Title: Uncovering the mystery of bio-aerosol transmission and how to reduce risk
Abstract:
The COVID-19 pandemic has completely changed the way we look at hygiene, occupational health and public safety protocols, especially in professions such as medical and dental where close contact with people is a requirement. In the early stages of the worldwide pandemic, there was much controversy around how SARS-CoV-2 was transmitted across the community. World Health Organization and the US Centers for Disease Control had maintained that transmission occurred through inhaling respiratory droplets from an infected person or touching a contaminated surface and then your eyes, nose or mouth. The medical and dental professions were concerned about aerosol generating procedures (AGPs) which produce relatively large droplets and dismissed smaller particles that are emitted from exhaled breath. New guidance agrees that aerosol transmission of virus particles is not only likely, but that aerosol particles can remain in the air for significant periods of time after an infected person has left the room. Small aerosol particles containing virus can be exhaled when talking or just breathing. This leaves a new dilemma for the dental profession. How can I trust that my office is safe from infectious diseases that spread through the air?

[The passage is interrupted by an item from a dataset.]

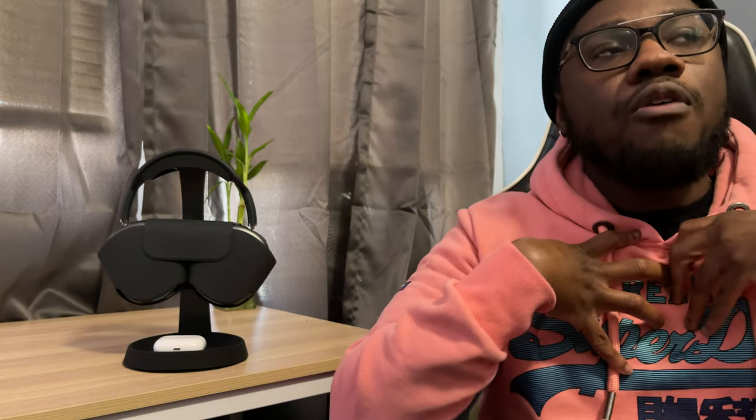Honestly, I'm okay with that. Having used bass-heavy headphones for a long time, I think there's a misconception that a lot of bass means good headphones. Sometimes you just need a good amount of bass to listen to music properly. For people who love bass-heavy headphones, that's great — but too much bass doesn't make headphones good. I've realized that over the years.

This presentation describes an advanced method of airborne virus sampling formerly used only by aerosol scientists: condensation growth tube (CGT) capture. This approach has now been configured as a portable instrument for use by non-aerosol experts for sampling bioaerosols in indoor spaces. The CGT’s cold-hot temperature zones create water vapor supersaturation forcing condensation onto particles to form a fog of microdroplets. These droplets are gently collected keeping viruses, bacteria and fungal spores intact. The unique advantages of the CGT are: (1) high collection efficiency directly onto a sterile swab (>95% of particles from <10 nm to 10 µm), (2) instant genomic preservation of DNA/RNA upon capture, and (3) concentrated sample collection compatible with standard genomic analyses such as RT-qPCR and DNA/RNA sequencing. The work flow for sample analysis is identical to that used in diagnostic testing of nasal swabs.